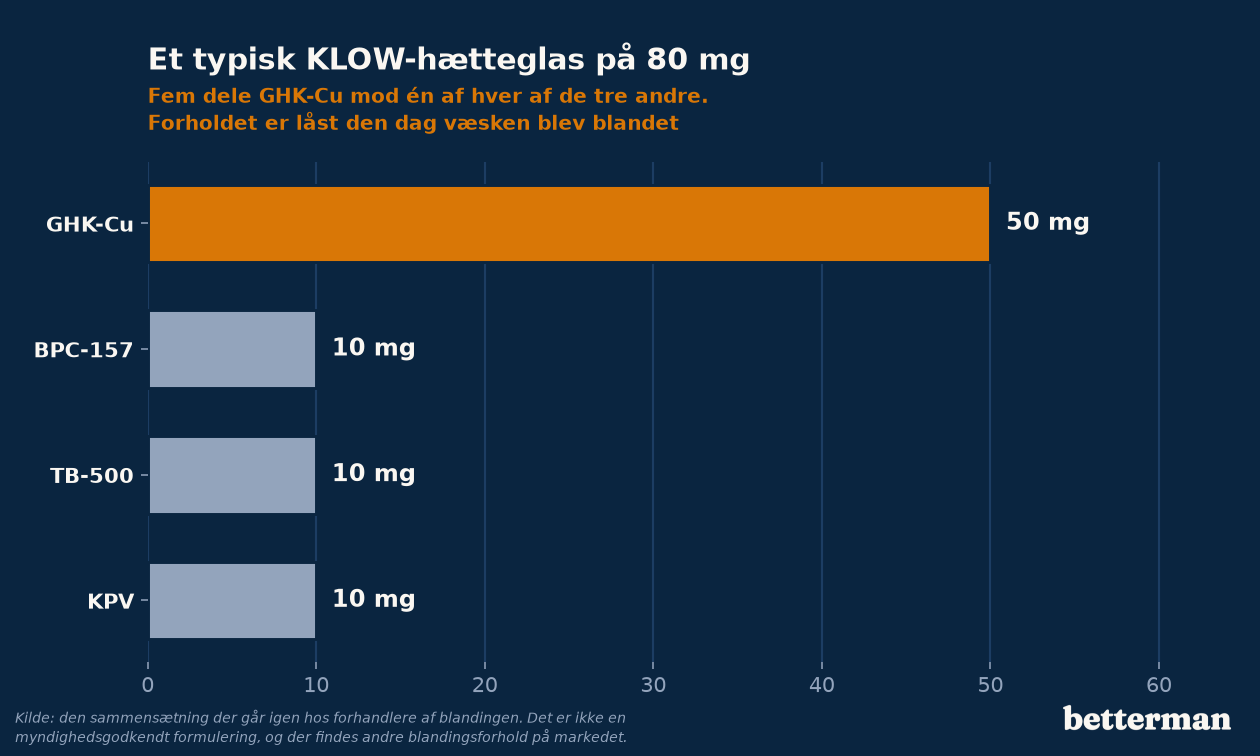De fire peptider i et typisk KLOW-hætteglas fordelt på milligram
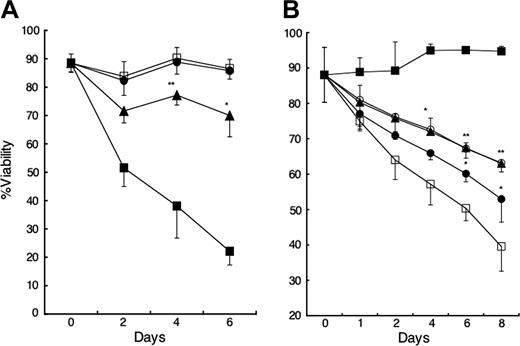 Figure 3. CLL-cell survival with or without NLCs. (A) Inhibition of CLL-cell survival on NLCs by BCMA-Fc but not BAFF-R:Fc. CLL B cells were cultured with (□) or without (▪) NLCs and 1 μg/mL control Ig. BCMA-Fc (▴) or BAFF-R:Fc (•) at 1 μg/mL was added to the wells of CLL B cells cultured with NLCs at day 0. Viability was subsequently determined for each time point, as indicated on the horizontal axis. Displayed is the mean percent viability ± SD (error bars) of samples from each of 5 patients. The percent viability of BCMA-Fc–treated cultures was significantly less than that of control Ig–treated cultures (*P < .05; **P < .01; Bonferroni t test). (B) Enhanced CLL-cell survival with NLCs or rhBAFF or rhAPRIL. A total of 1 × 106/mL isolated CD19+ CLL B cells was cultured alone (□), with 50 ng/mL rhBAFF (▴), 500 ng/mL rhAPRIL (•), both rhBAFF and rhAPRIL (○), or NLCs (▪) and evaluated over time. Displayed is the mean percent viability ± SD of samples from each of 3 patients. The percent viability of rhBAFF-treated CLL cells or rhAPRIL-treated CLL cells was significantly greater than that of control-treated CLL cells (*P < .05; **P < .01; Bonferroni t test).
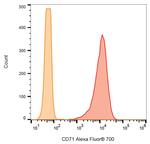 CD71 (Transferrin Receptor) Antibody in Flow Cytometry (Flow)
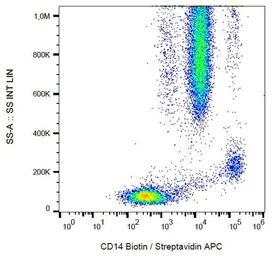 Anti-CD14 antibody [MEM-15] (Biotin) used in Flow cytometry (FCM). GTX78337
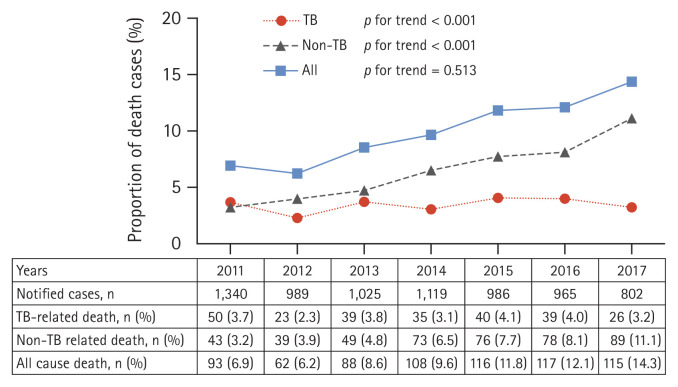Timing and predictors of death during treatment in patients with multidrug/rifampin-resistant tuberculosis in South Korea.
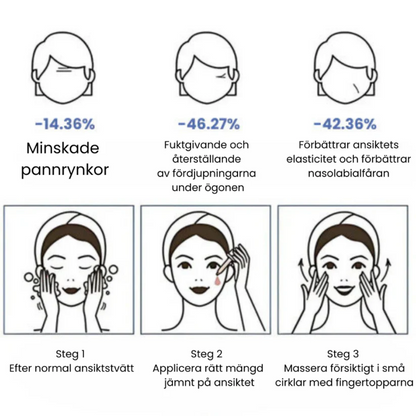 Botox Ansiktsserum | Avancerad Anti-Rynk Formel med Argireline & Kollagenpeptider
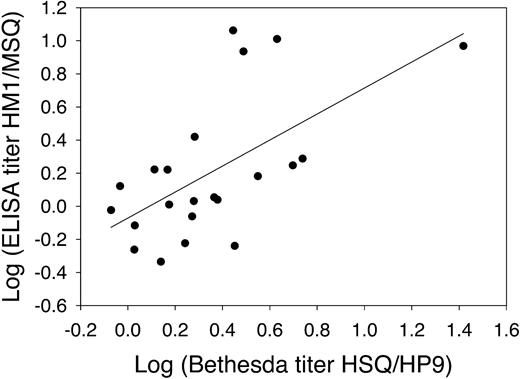 Figure 3. Correlation between the reduced antigenicity of HP9 and the increased antigenicity of HM1 in HSQ-immunized hemophilia A mice. Ratios of assay titers for HSQ to HP9 and for HM1 to MSQ from the experiment shown in Figure 2 were calculated and plotted. The regression line corresponds to a coefficient of correlation, r, of 0.61, which is significantly greater than 0 (P = .001; t test).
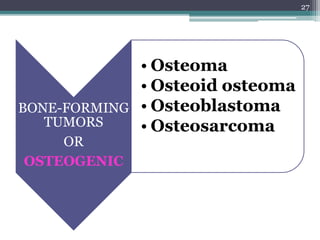 27
BONE-FORMING
TUMORS
OR
OSTEOGENIC
• Osteoma
• Osteoid osteoma
• Osteoblastoma
• Osteosarcoma
 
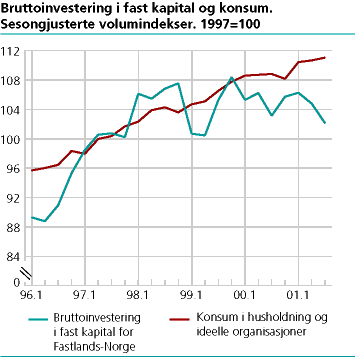  Husholdningenes konsum mv. og investering i Fastlands-Norge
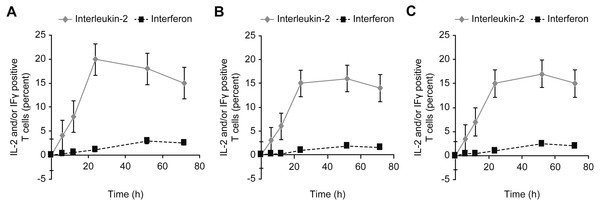 Kinetics of IL-2 and IFN-γ expression in T cells incubated with concanavalin A (A), β-actin (B), and/or GAPDH (C).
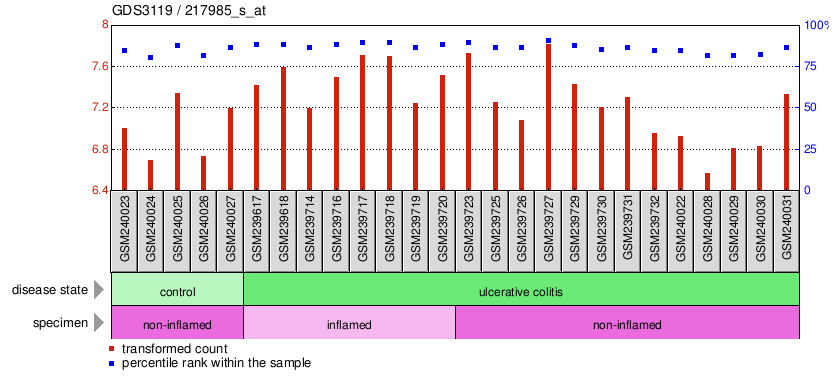 Gene Expression Profile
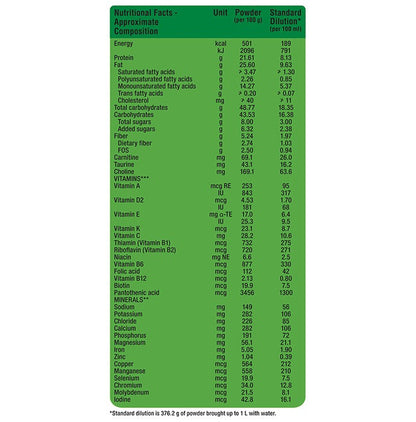 Nepro HP (High Protein) Powder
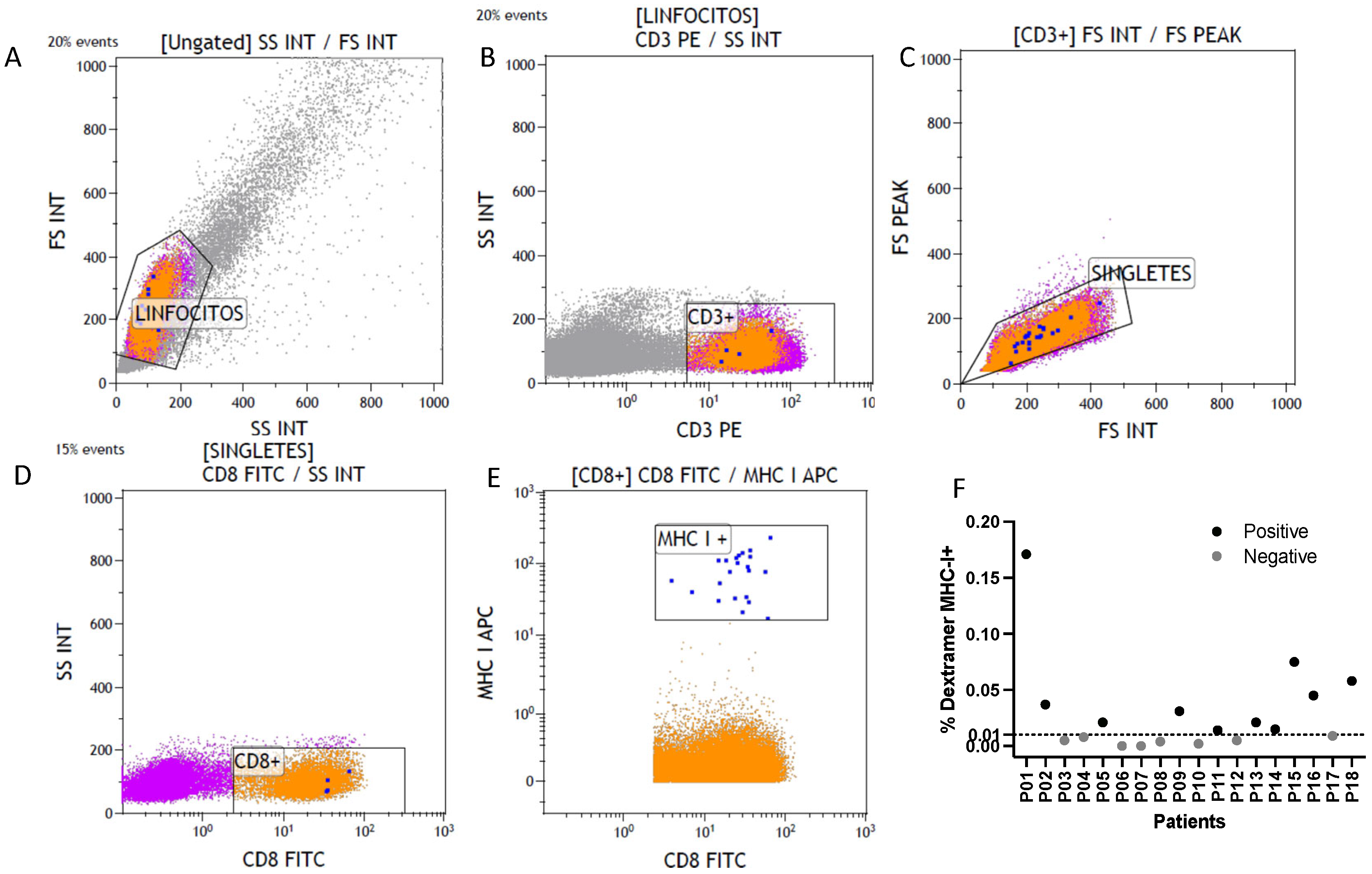 Pathogens 14 00947 g003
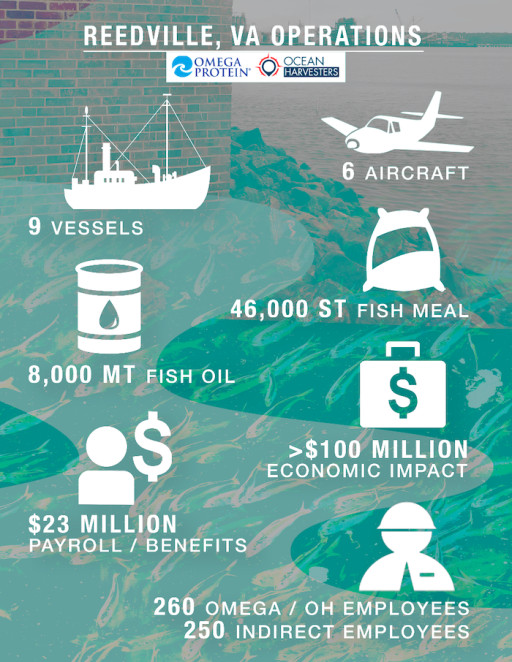 Omega Protein and Ocean Harvesters: Virginia's Economic Engine with a Global Reach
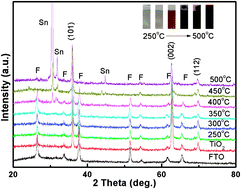 Graphical abstract: Enhanced photoelectric performance of PbS/CdS quantum dot co-sensitized solar cells via hydrogenated TiO2 nanorod arrays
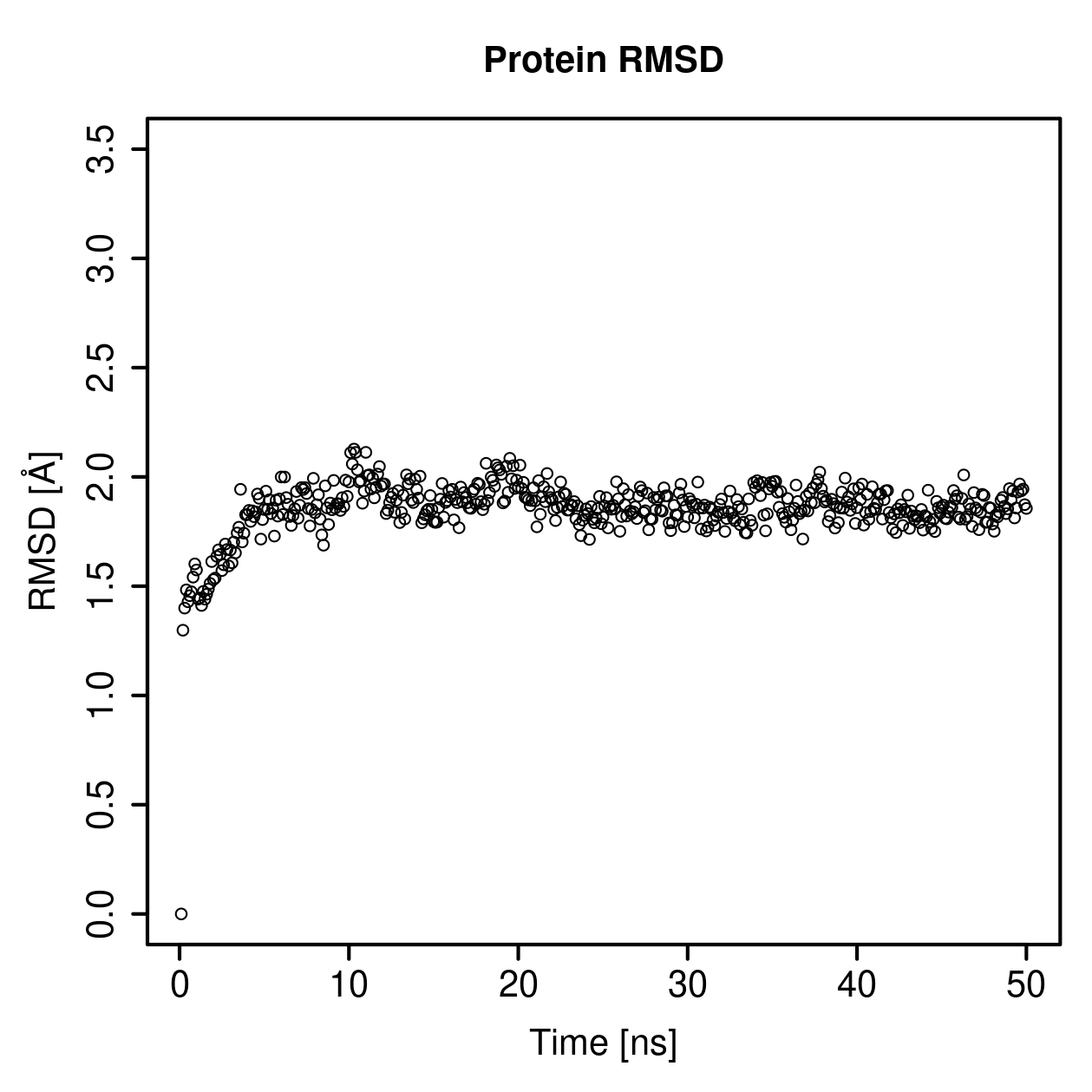 Protein Backbone RMSD Plot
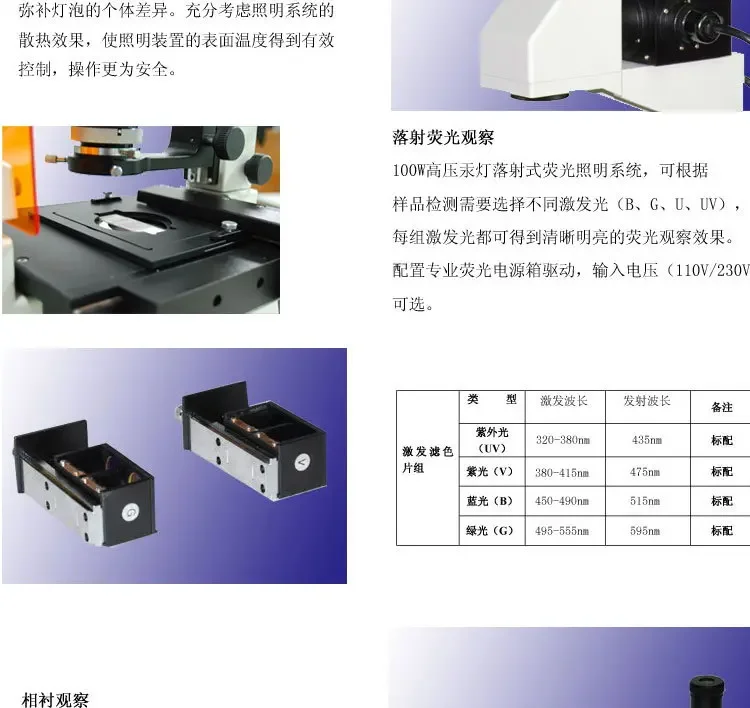Inverted fluorescence biological microscope Petri dish Special instrument for living cells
::::::::
Copy the records shown above in their entirety and exactly; images are to be left out.

De fire peptider i et typisk KLOW-hætteglas fordelt på milligram
 Figure 3. CLL-cell survival with or without NLCs. (A) Inhibition of CLL-cell survival on NLCs by BCMA-Fc but not BAFF-R:Fc. CLL B cells were cultured with (□) or without (▪) NLCs and 1 μg/mL control Ig. BCMA-Fc (▴) or BAFF-R:Fc (•) at 1 μg/mL was added to the wells of CLL B cells cultured with NLCs at day 0. Viability was subsequently determined for each time point, as indicated on the horizontal axis. Displayed is the mean percent viability ± SD (error bars) of samples from each of 5 patients. The percent viability of BCMA-Fc–treated cultures was significantly less than that of control Ig–treated cultures (*P < .05; **P < .01; Bonferroni t test). (B) Enhanced CLL-cell survival with NLCs or rhBAFF or rhAPRIL. A total of 1 × 106/mL isolated CD19+ CLL B cells was cultured alone (□), with 50 ng/mL rhBAFF (▴), 500 ng/mL rhAPRIL (•), both rhBAFF and rhAPRIL (○), or NLCs (▪) and evaluated over time. Displayed is the mean percent viability ± SD of samples from each of 3 patients. The percent viability of rhBAFF-treated CLL cells or rhAPRIL-treated CLL cells was significantly greater than that of control-treated CLL cells (*P < .05; **P < .01; Bonferroni t test).
 CD71 (Transferrin Receptor) Antibody in Flow Cytometry (Flow)
 Anti-CD14 antibody [MEM-15] (Biotin) used in Flow cytometry (FCM). GTX78337
Timing and predictors of death during treatment in patients with multidrug/rifampin-resistant tuberculosis in South Korea.
 Botox Ansiktsserum | Avancerad Anti-Rynk Formel med Argireline & Kollagenpeptider
 Figure 3. Correlation between the reduced antigenicity of HP9 and the increased antigenicity of HM1 in HSQ-immunized hemophilia A mice. Ratios of assay titers for HSQ to HP9 and for HM1 to MSQ from the experiment shown in Figure 2 were calculated and plotted. The regression line corresponds to a coefficient of correlation, r, of 0.61, which is significantly greater than 0 (P = .001; t test).
 27
BONE-FORMING
TUMORS
OR
OSTEOGENIC
• Osteoma
• Osteoid osteoma
• Osteoblastoma
• Osteosarcoma
 
  Husholdningenes konsum mv. og investering i Fastlands-Norge
 Kinetics of IL-2 and IFN-γ expression in T cells incubated with concanavalin A (A), β-actin (B), and/or GAPDH (C).
 Gene Expression Profile
 Nepro HP (High Protein) Powder
 Pathogens 14 00947 g003
 Omega Protein and Ocean Harvesters: Virginia's Economic Engine with a Global Reach
 Graphical abstract: Enhanced photoelectric performance of PbS/CdS quantum dot co-sensitized solar cells via hydrogenated TiO2 nanorod arrays
 Protein Backbone RMSD Plot
Inverted fluorescence biological microscope Petri dish Special instrument for living cells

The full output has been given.